Existo, portanto alguma coisa existe. Se algo existe, existiu desde toda eternidade, pois aquilo que é, ou é por si mesmo ou recebeu seu ser de outro. Se é por si mesmo, é necessariamente, sempre foi necessariamente e é Deus. Se recebeu o ser de outro, e este seu ser de um terceiro, aquele de quem este último recebeu seu ser deve ser necessariamente Deus, pois não podeis conceber um ser que dê o ser a um outro se não tiver o poder de criar. (VOLTAIRE, 1978b, p.64)

Neste argumento a existência de Deus é provada pelo fato de ter que existir um Ser que exista necessariamente por si mesmo. Pois se existe algo, existe necessariamente por si mesmo desde toda eternidade ou seu ser deriva de um outro ser que existe desde toda eternidade sendo o seu ser a origem de todos os outros seres. Logo, este ser necessário que existe por si mesmo é Deus. E por fim, basta agora examinar, segundo a reflexão de Voltaire, se o mundo material é este Ser necessário que existe por si mesmo e que é a origem dos outros seres que não são necessários.

Se este mundo material existisse por si mesmo de modo absolutamente necessário, seria contraditório pensar que a mínima parte dela poderia ser diferente de como é, pois, se o seu ser neste momento é absolutamente necessário, isso é suficiente para excluir qualquer outra maneira de ser. Ora está fora de dúvida que esta mesa sobre a qual escrevo, esta pena de que me sirvo, não foram sempre aquilo que são; estes pensamentos que traço sobre esta folha um momento antes nem sequer existiam, e não existem de modo necessário. Ora, se cada parte não existe com absoluta necessidade, é impossível que o todo exista por si mesmo. Eu produzo movimento; portanto um movimento antes não existia; portanto, não é essencial a matéria; portanto ela o recebe de outro; portanto, há um Deus que o comunica a ela. (REALE, ,2005 p.73.)
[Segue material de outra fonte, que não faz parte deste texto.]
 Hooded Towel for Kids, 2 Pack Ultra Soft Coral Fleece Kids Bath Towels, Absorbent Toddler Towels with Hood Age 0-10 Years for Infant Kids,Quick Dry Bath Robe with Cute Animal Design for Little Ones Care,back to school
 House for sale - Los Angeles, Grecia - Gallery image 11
Desta forma, se a matéria existisse como uma necessidade absoluta, todas as partes dela deveriam existir necessariamente. Porém, as partes não existem necessariamente, pois uma mesa nem sempre foi uma mesa e uma caneta nem sempre foi uma caneta. Sendo assim, se as partes não existem necessariamente, o todo também não existe necessariamente. Logo, a matéria não existe necessariamente e não é Deus. Pois como se percebeu, Deus é um ser que existe necessariamente por si mesmo.
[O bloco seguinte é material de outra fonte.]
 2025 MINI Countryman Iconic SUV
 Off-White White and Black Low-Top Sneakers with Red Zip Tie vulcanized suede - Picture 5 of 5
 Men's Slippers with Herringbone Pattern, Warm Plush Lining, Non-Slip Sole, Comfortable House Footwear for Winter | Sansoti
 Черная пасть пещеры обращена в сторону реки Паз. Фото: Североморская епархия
Portanto, fica claro no pensamento de Voltaire que Deus se revela aos homens por meio de sua razão, no entanto esta mesma razão não é capaz de conhecer a realidade transcendente. E a existência de Deus é algo inegável, pois a natureza proclama sua existência, ou seja, as provas de sua existência são tiradas da ordem inerente que existe na natureza e esta ordem se dá pelo fim com que cada coisa se relaciona no universo.